- THE INPUT
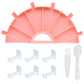 9pcs DIY Diamond Painting Tools Pink Beads Storage Tray Kit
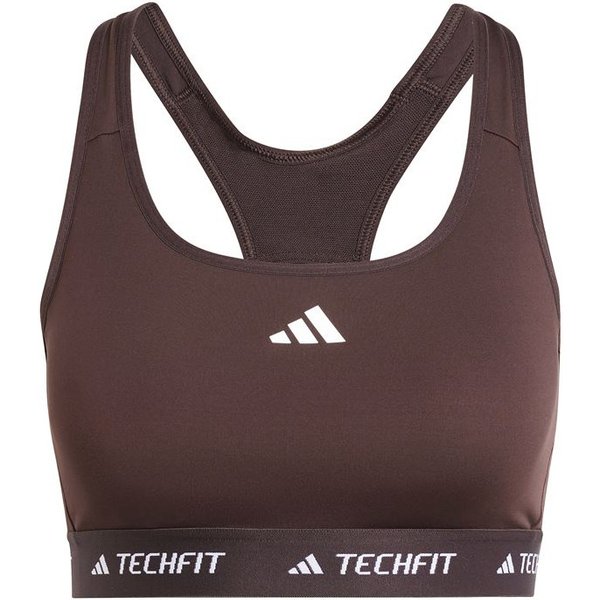 Brassiere de sport Fitness adidas Femme de Techfit Medium Support Brown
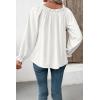 image:imageEVALESS Womens Tops Off The Shoulder Blouses for Women Dressy Casual Cute Puff Sleeve T Shirts Fashion 2026White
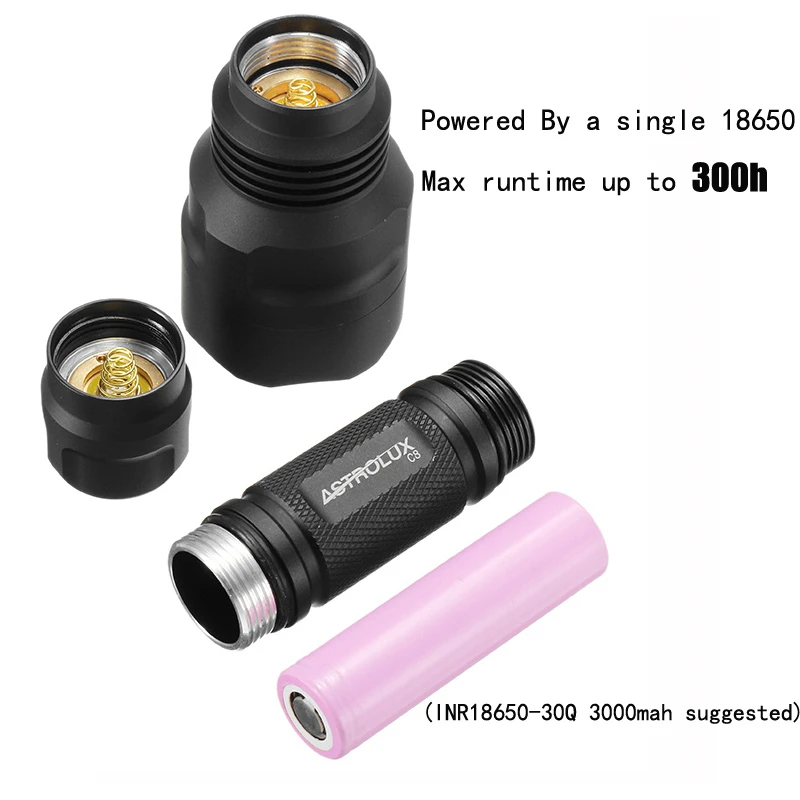 Astrolux C8 XP-L HI 1300 люмен 7/4 режима A6 драйвер тактический EDC светодиодный
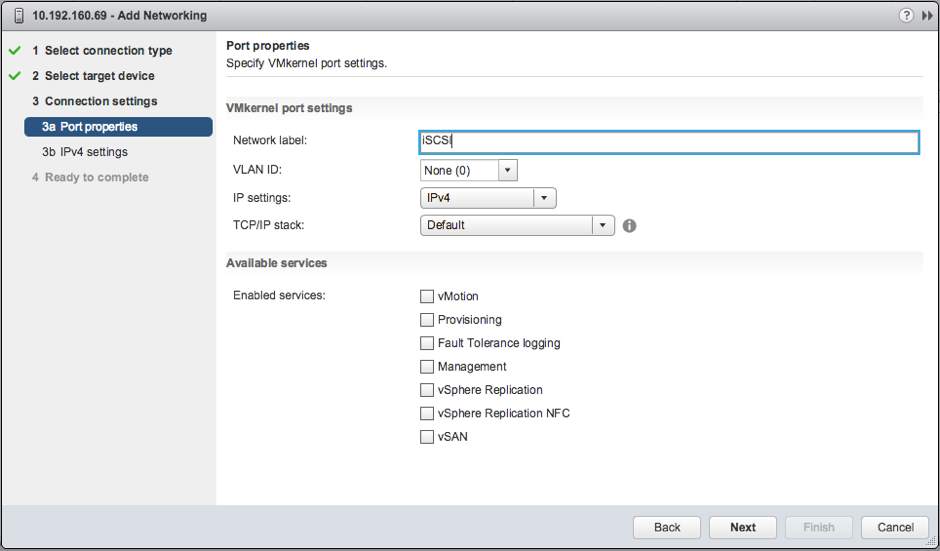 Vmware 7 iscsi настройка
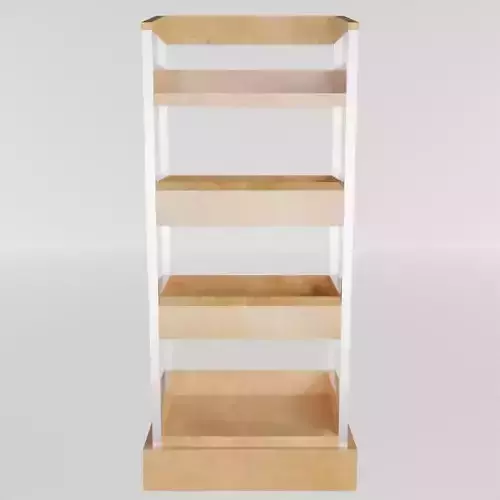 Towel Rack with four shelves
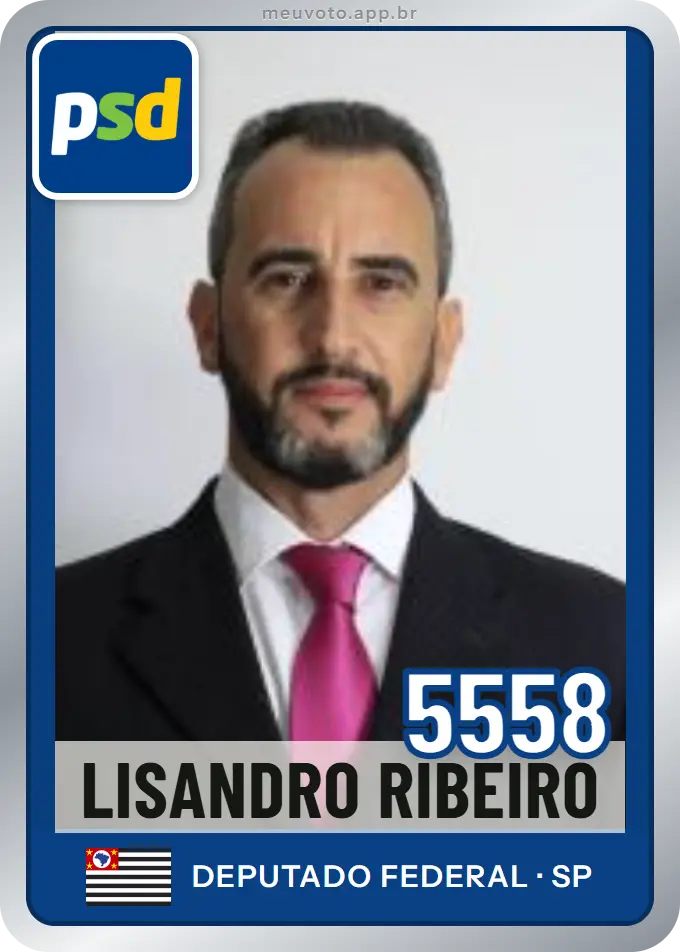 Carta de Lisandro Ribeiro, número 5558, PSD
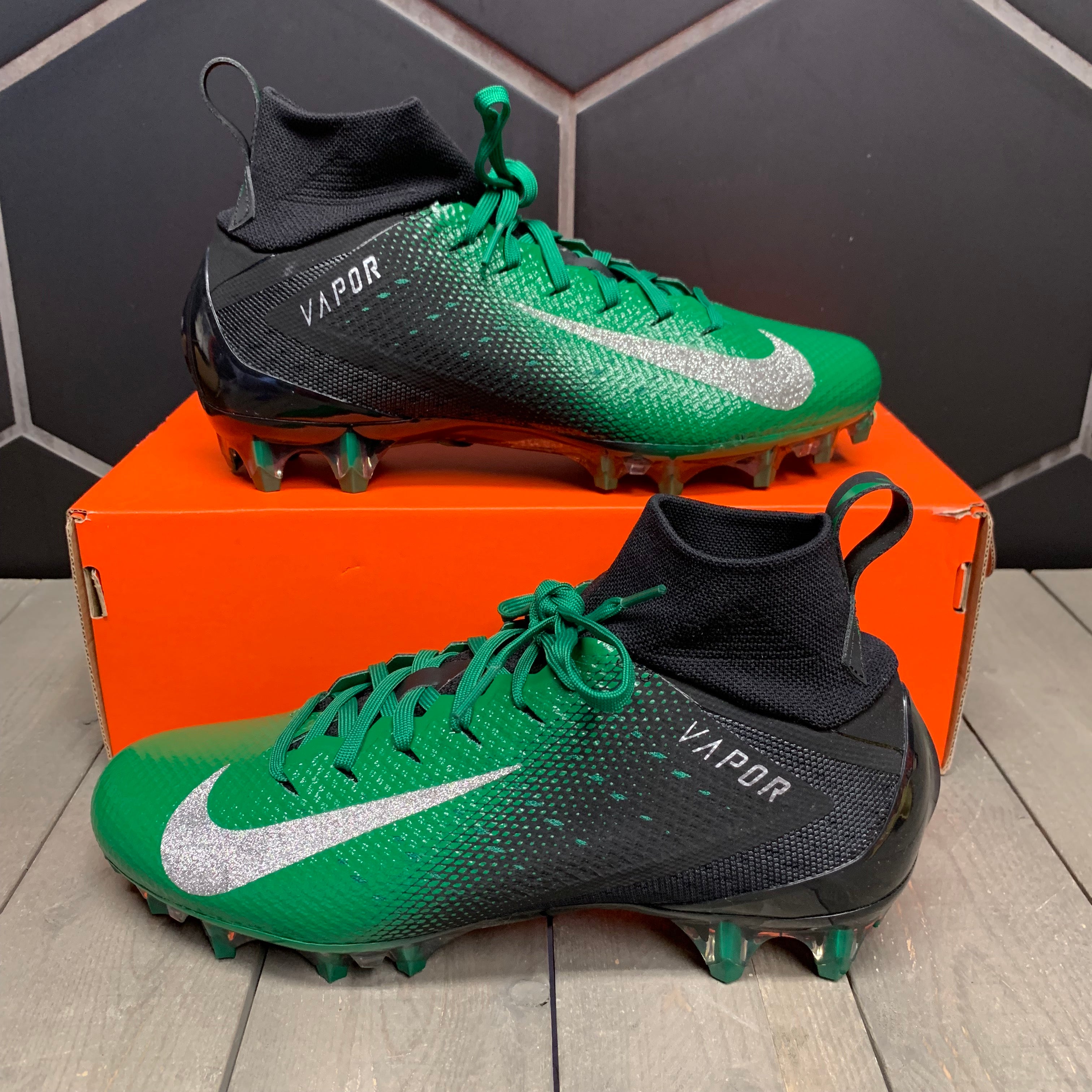 green nike football cleats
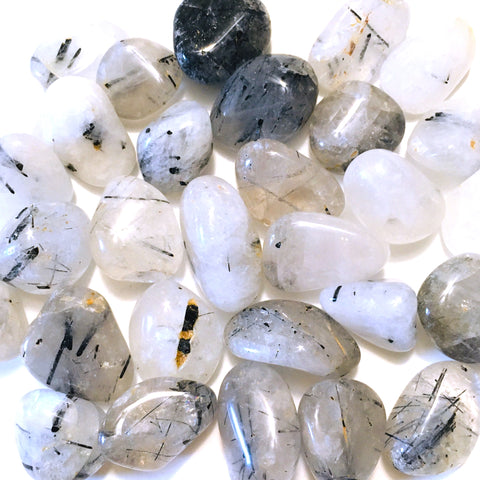 Tourmalinated Quartz Tumbled
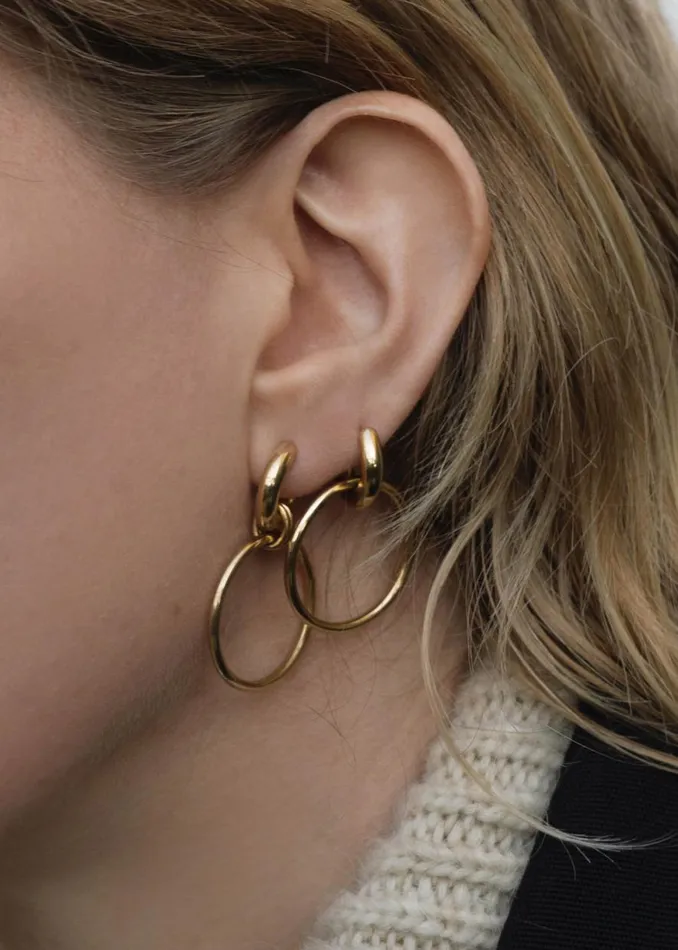 The Frankie Shop Otiumberg Laguna Hoops 8211 Gold Shop Accessories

- TASK BRIEF
Set the listing down again exactly, skipping each picture.

- ANSWER FOR THIS EXERCISE
 9pcs DIY Diamond Painting Tools Pink Beads Storage Tray Kit
 Brassiere de sport Fitness adidas Femme de Techfit Medium Support Brown
 image:imageEVALESS Womens Tops Off The Shoulder Blouses for Women Dressy Casual Cute Puff Sleeve T Shirts Fashion 2026White
 Astrolux C8 XP-L HI 1300 люмен 7/4 режима A6 драйвер тактический EDC светодиодный
 Vmware 7 iscsi настройка
 Towel Rack with four shelves
 Carta de Lisandro Ribeiro, número 5558, PSD
 green nike football cleats
 Tourmalinated Quartz Tumbled
 The Frankie Shop Otiumberg Laguna Hoops 8211 Gold Shop Accessories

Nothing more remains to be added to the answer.